**What you are asked to do**
In your copy, drop the images and return each record exactly as it stands.

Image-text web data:

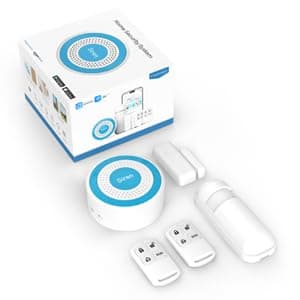 PGST 5 Pièces Kit Alarme Maison sans Fil - kit Alarme Comprend Capteur Porte/Fenêtre, Détecteur de Mouvement, 2 Télécommandes, Alerte App Mobile, Compatible Alexa/Google, sans Abonnement Mensuel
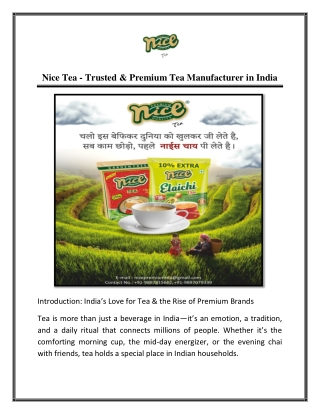Nice Tea - Trusted & Premium Tea Manufacturer in India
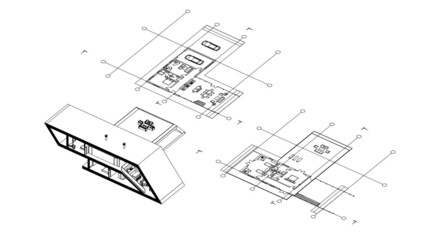 Modern house architecture 3d illustration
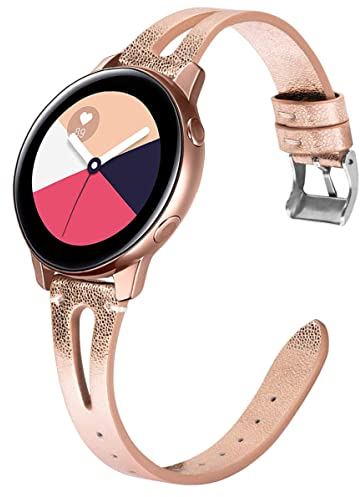 Syxinn 20mm Leder Armband Kompatibel für Samsung Galaxy Watch Active/Active 2 40mm 44mm/Galaxy Watch 4/4 Classic/Watch 3 41mm/Galaxy 42mm Uhrenarmband Armbänder Lederband für Gear Sport/S2 Classic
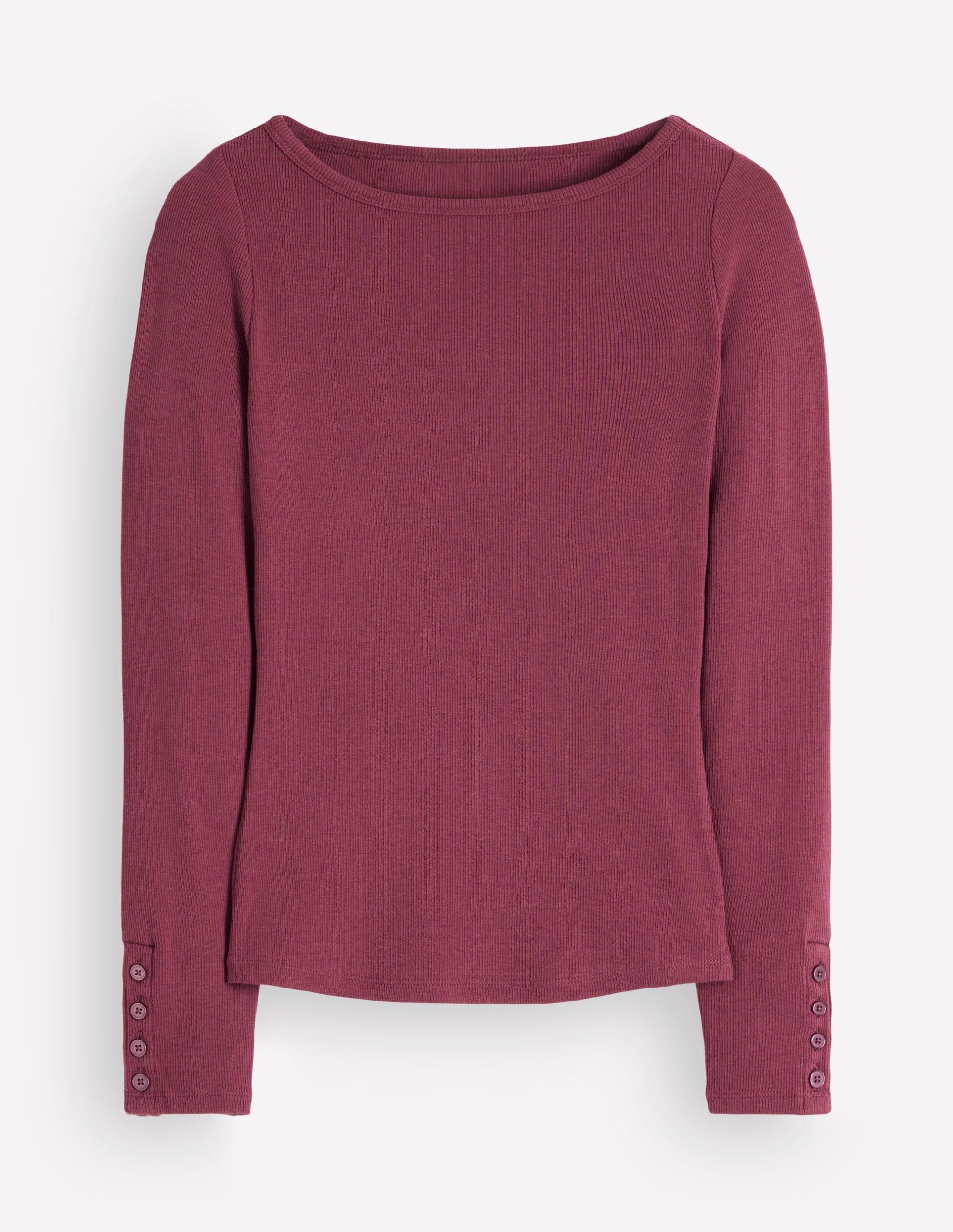Button Cuff Ribbed Boatneck-Maroon - Image 6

**Exercise solution**
 PGST 5 Pièces Kit Alarme Maison sans Fil - kit Alarme Comprend Capteur Porte/Fenêtre, Détecteur de Mouvement, 2 Télécommandes, Alerte App Mobile, Compatible Alexa/Google, sans Abonnement Mensuel
Nice Tea - Trusted & Premium Tea Manufacturer in India
 Modern house architecture 3d illustration
 Syxinn 20mm Leder Armband Kompatibel für Samsung Galaxy Watch Active/Active 2 40mm 44mm/Galaxy Watch 4/4 Classic/Watch 3 41mm/Galaxy 42mm Uhrenarmband Armbänder Lederband für Gear Sport/S2 Classic
Button Cuff Ribbed Boatneck-Maroon - Image 6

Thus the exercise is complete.